Xarray slow read on cluster

Hi there,

I am working on a weather forecasting project using the ERA5 datasets. The datasets are stored on a yearly basis in zarr format, with chunking on time dimension (chunk={time:1, lat: -1, lon: -1, pressure_level: -1). I have tested the time of data loading for a one-time step with dataset.isel().load() and the results were pretty promising (around 0.4 sec).

However, when the job was submitted on the cluster with pytorch-ddp, the reading was 10 times slower and it significantly slowed down the training. It now took more than 4 sec to load a single time step. The GPU was waiting for the data for most of the time. I also tested running the job without data parallel, which was as slow. I’ve tested the following methods I found online and apparently, they were not helping:

  • setting num_workers in dataloader to 0, 1, 2, 4, 8
  • setting multiprocessing_context=‘forkserver’ for dataloader
  • dask.config.set(scheduler=“synchronous”)
  • dask.config.set(scheduler=“threads”, num_workers=x)

I also went through some posts about using xarray for ml but have not found anything relevant. We are using dsub as the scheduler. I am wondering whether folks here at pangeo have any insights on this issue.

1 Like

Where is your Zarr data stored? Is it on a Network File System (NFS) drive, Lustre, or something else? Typically network transfer would be the main bottleneck, and the first thing I would check.

Otherwise, you’re doing most things correctly already: Zarr :white_check_mark: Chunk size = access pattern :white_check_mark: . On the dask scheduler part, there’s sometimes an inherent conflict with Pytorch’s multiprocessing-based parallelism and other libraries that might be using multi-threading, which I’ve been trying to make sense of here, but you should be ok with Zarr.
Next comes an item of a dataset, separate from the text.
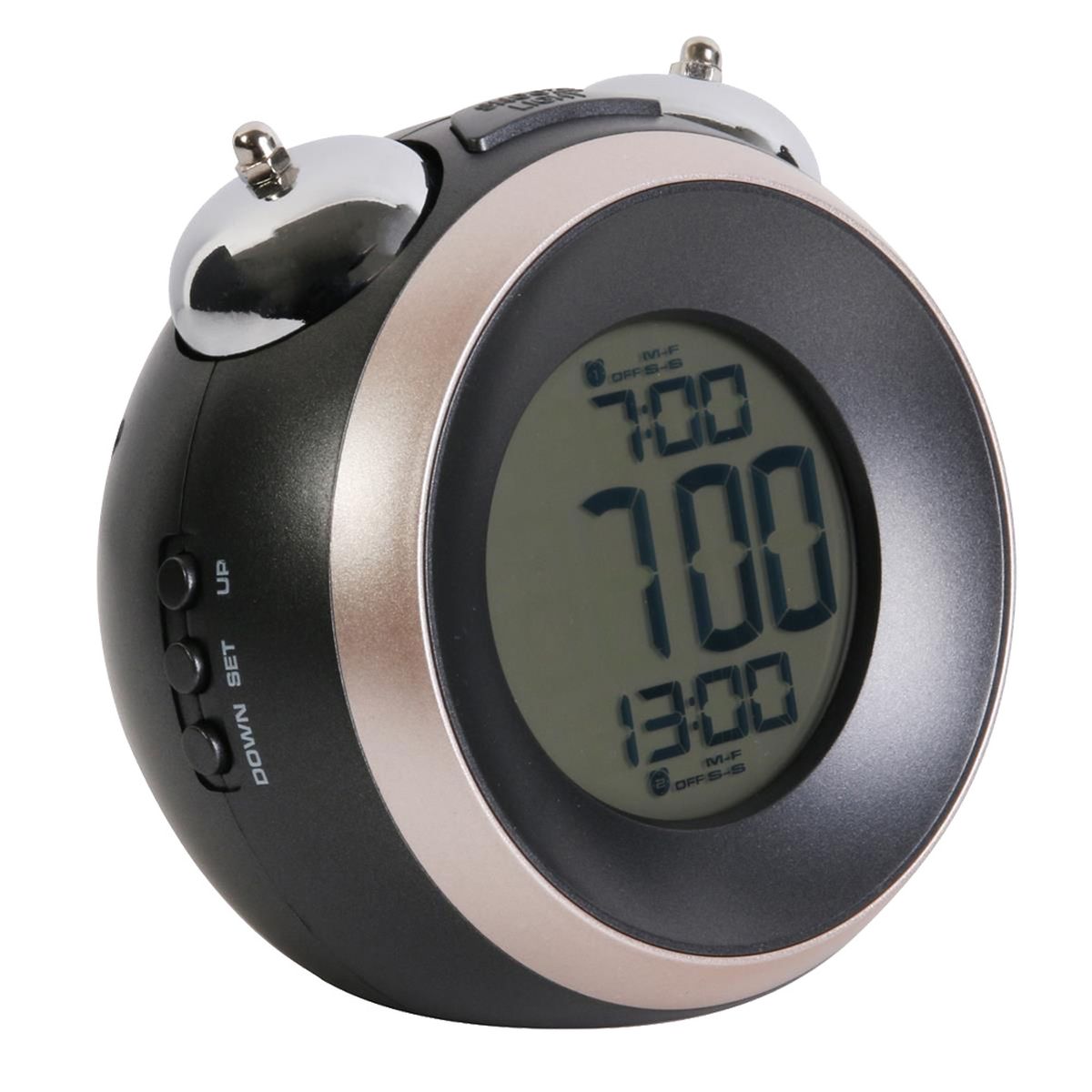Rveil numrique lumineux rond Gris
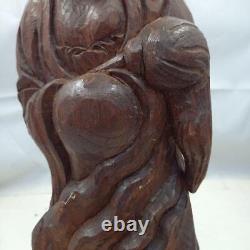 DARUMA MONK MASTER Buddha Wooden Statue 14.1 inch Old Japan Vintage Figurine Art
In fact, you could probably do away with the dask part and go with pure zarr-python/xarray, but I’d check on your filesystem first as mentioned above :point_up:

Hi Weiji,

Thank you for your reply. I checked with my service provider and it seems like i/o is a problem. They also pointed out that dask threads may be racing for CPU when used with ddp. They recommended to set the environmental variable DASK_THREADS_PER_WORKER to 1 and managed to reduce the read time to 1.4 sec. Our nodes have 8 GPU and 48 CPU cores and I guess switching to machines with higher CPU count will give better results.

Since you mentioned getting rid of dask with pure xarray, I am not sure how this could be done. I tested xarray.open_zarr by setting the chunks to None (disabling dask) and it gave worse results. I am also working on reading zarr directly. Although it requires much more effort, it is much faster, especially with operation fusing.

I can definitely share my implementation of the Pytorch dataset and explain every mistake and problem I encountered during the processing of the data if anyone is interested.

Yes, you’ll need to disable multi-threading from dask when using DDP (which uses multi-processing). Unless you want to try out some experimental Python 3.13 GIL-free thread-based torch.DataLoader - Improved Data Loading with Threads | NVIDIA Technical Blog

Sorry, I should have been more clear. If you want to:

  • Stay with xarray - then disable dask’s multi-threading (as mentioned above). I thought you could use xr.open_zarr without dask and still open chunks, but it seems that I’m wrong.
  • Use pure zarr-python - Yes, this is more effort, but will be generally faster as you’ll skip the overhead of xarray+dask (see also Favorite way to go from netCDF (&xarray) to torch/TF/Jax et al)

Higher CPU count will only help to a certain extent. You’ll need to work out the ratio of how many CPUs it takes to keep 1 GPU saturated (see also Cloud native data loaders for machine learning using Zarr and Xarray | Earthmover). The math is something like this:

  • If your model’s forward pass on one data chunk takes 0.2s on 1 GPU, and it takes 1.0s for 1 CPU to load the data, you would need 1.0 / 0.2 = 5 CPUs to keep the GPUs saturated. So 8 GPUs would require 40 CPUs.
  • If your model’s forward pass on one data chunk takes 0.05s on 1 GPU, and it takes 1.0s for 1 CPU to load the data, you would need 1.0 / 0.05 = 20 CPUs to keep the GPUs saturated. So 8 GPUs would require 160 CPUs.

As GPUs get faster and faster, you’ll realize that CPUs won’t be able to scale to saturate the GPUs. At that point, you’ll need to use something like kvikIO (see Zarr — kvikio 24.10.00 documentation) which implements direct-to-GPU reads from Zarr, but it will depend on whether your HPC cluster supports GPUDirect Storage. Also, network I/O bandwidth might be a limitation here.

Sure, I think others will be keen to see this too! There might be a few more optimizations we can try out, but I think you’re doing a good job figuring out and resolving most of the bottlenecks already :smile:

1 Like

Yes, that would be good.